• [Problem]: Among the entries below, find the lines that hold the word "image" and report them.

[Extracted material — start]

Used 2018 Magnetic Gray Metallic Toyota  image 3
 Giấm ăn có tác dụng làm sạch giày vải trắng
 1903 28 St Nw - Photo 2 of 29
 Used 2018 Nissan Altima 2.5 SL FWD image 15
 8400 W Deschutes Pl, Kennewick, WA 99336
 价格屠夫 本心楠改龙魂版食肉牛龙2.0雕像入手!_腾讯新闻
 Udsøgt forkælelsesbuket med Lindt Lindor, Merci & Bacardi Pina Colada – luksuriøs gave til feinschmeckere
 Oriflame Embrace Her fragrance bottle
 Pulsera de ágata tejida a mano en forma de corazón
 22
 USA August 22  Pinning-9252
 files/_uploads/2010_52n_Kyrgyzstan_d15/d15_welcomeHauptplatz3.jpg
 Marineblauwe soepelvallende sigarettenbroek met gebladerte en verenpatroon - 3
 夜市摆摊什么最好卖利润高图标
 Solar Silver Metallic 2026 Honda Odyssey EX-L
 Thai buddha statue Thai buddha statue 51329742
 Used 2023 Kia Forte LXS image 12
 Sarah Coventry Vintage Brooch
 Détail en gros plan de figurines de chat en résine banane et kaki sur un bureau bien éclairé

[Extracted material — finish]

• [Result]:
Used 2018 Magnetic Gray Metallic Toyota  image 3
 Used 2018 Nissan Altima 2.5 SL FWD image 15
 Used 2023 Kia Forte LXS image 12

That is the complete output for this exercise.